---------- RECORDS ----------
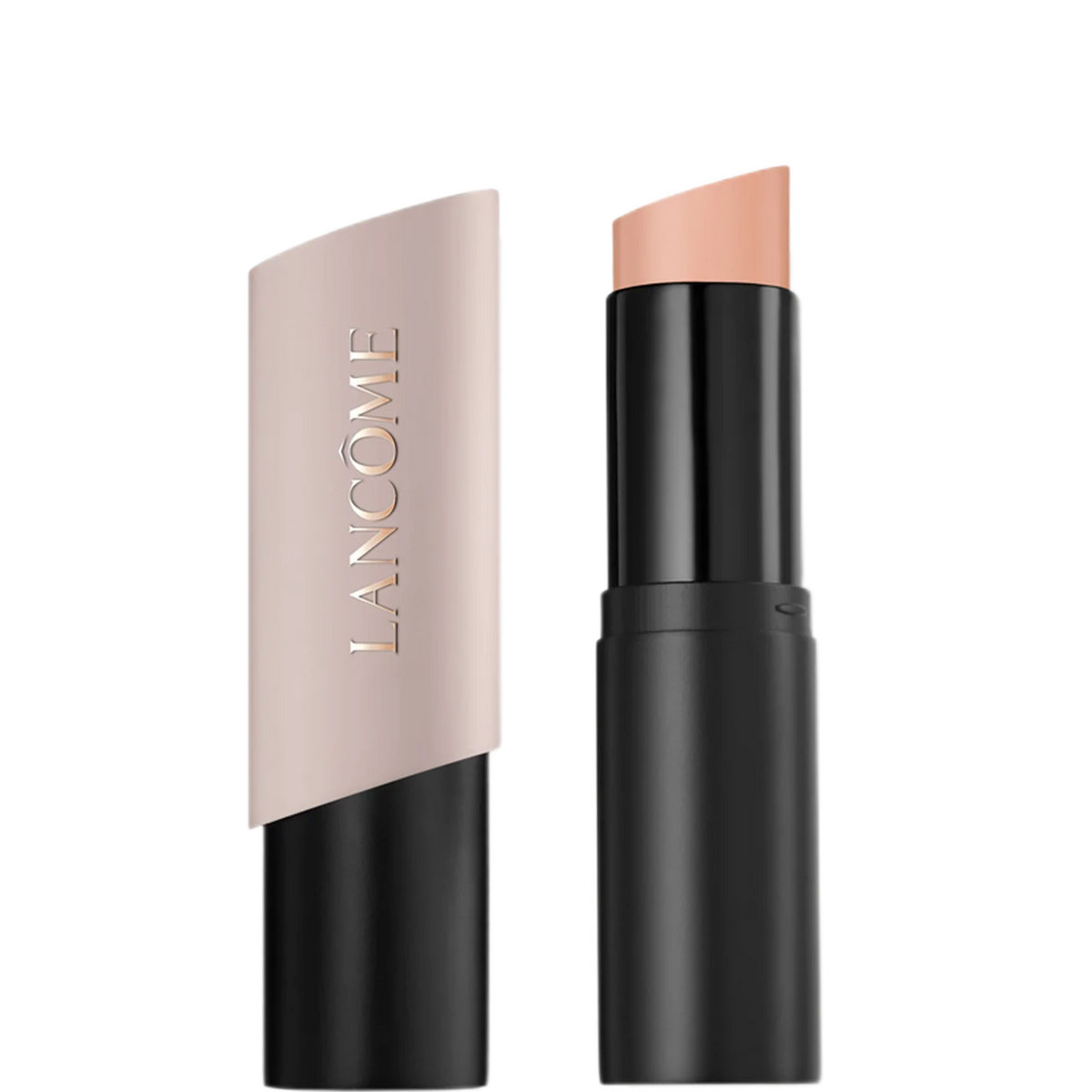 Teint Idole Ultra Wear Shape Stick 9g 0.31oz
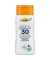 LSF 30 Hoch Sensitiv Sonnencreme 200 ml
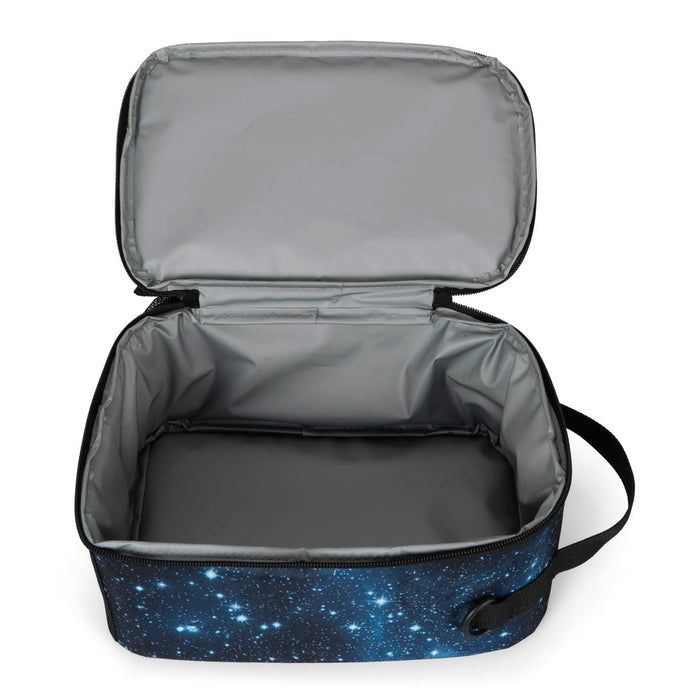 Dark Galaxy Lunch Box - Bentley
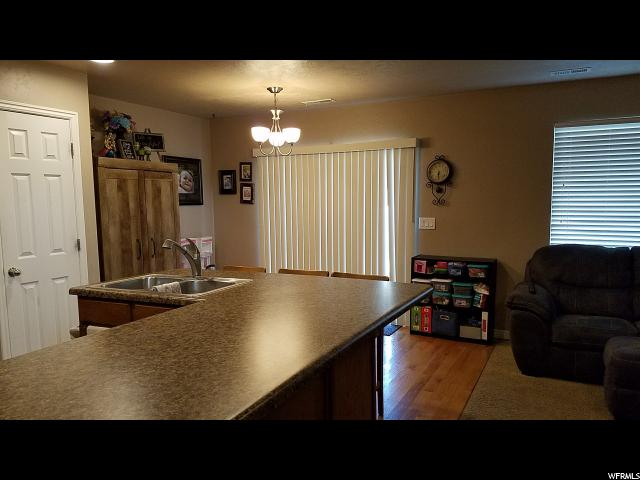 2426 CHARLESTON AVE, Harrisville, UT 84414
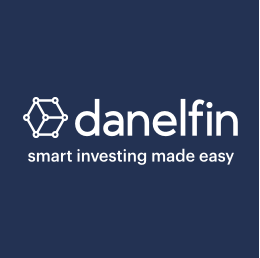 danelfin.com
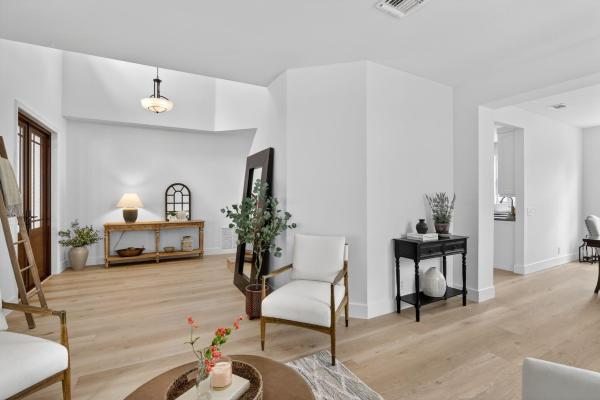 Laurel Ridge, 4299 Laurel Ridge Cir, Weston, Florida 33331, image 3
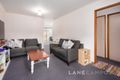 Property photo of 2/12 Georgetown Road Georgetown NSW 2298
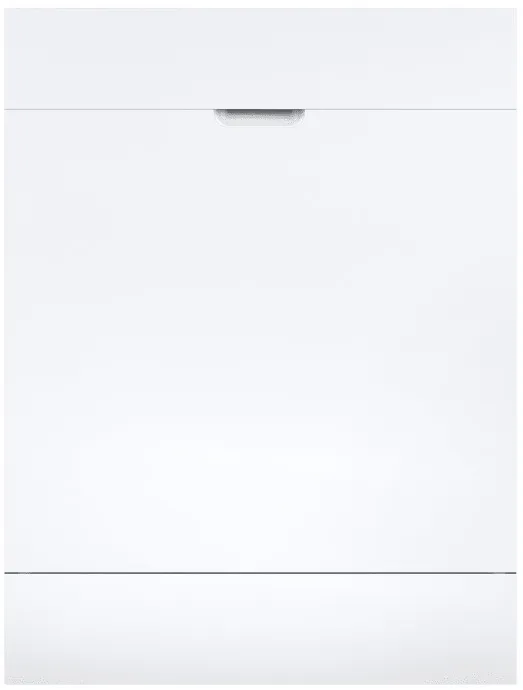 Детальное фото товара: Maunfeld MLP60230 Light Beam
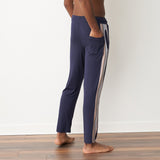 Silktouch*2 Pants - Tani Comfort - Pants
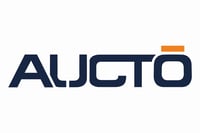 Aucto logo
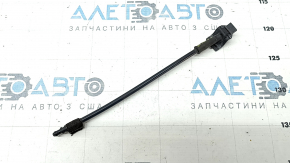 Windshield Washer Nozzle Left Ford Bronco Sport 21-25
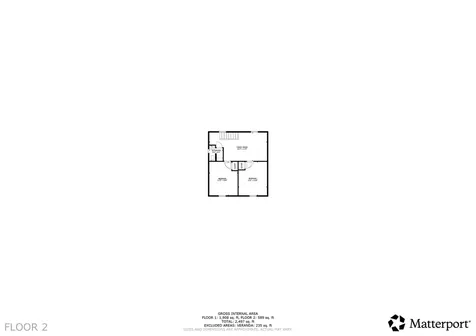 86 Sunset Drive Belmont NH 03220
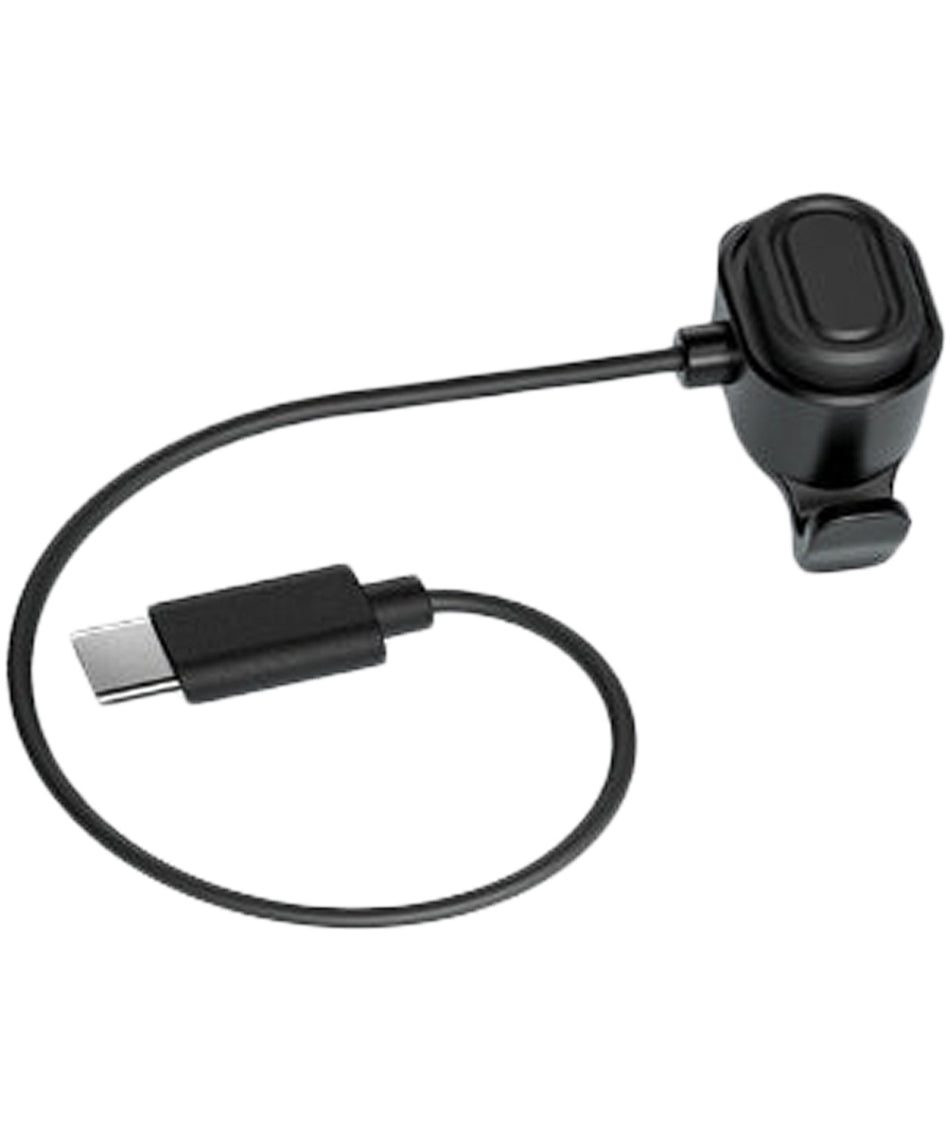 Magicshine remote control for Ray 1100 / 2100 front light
----------
-- PROBLEM TO SOLVE --
Set down all of the entries exactly as they appear, but keep the images out.

-- WRITTEN SOLUTION --
 Teint Idole Ultra Wear Shape Stick 9g 0.31oz
 LSF 30 Hoch Sensitiv Sonnencreme 200 ml
 Dark Galaxy Lunch Box - Bentley
 2426 CHARLESTON AVE, Harrisville, UT 84414
 danelfin.com
 Laurel Ridge, 4299 Laurel Ridge Cir, Weston, Florida 33331, image 3
 Property photo of 2/12 Georgetown Road Georgetown NSW 2298
 Детальное фото товара: Maunfeld MLP60230 Light Beam
 Silktouch*2 Pants - Tani Comfort - Pants
 Aucto logo
 Windshield Washer Nozzle Left Ford Bronco Sport 21-25
 86 Sunset Drive Belmont NH 03220
 Magicshine remote control for Ray 1100 / 2100 front light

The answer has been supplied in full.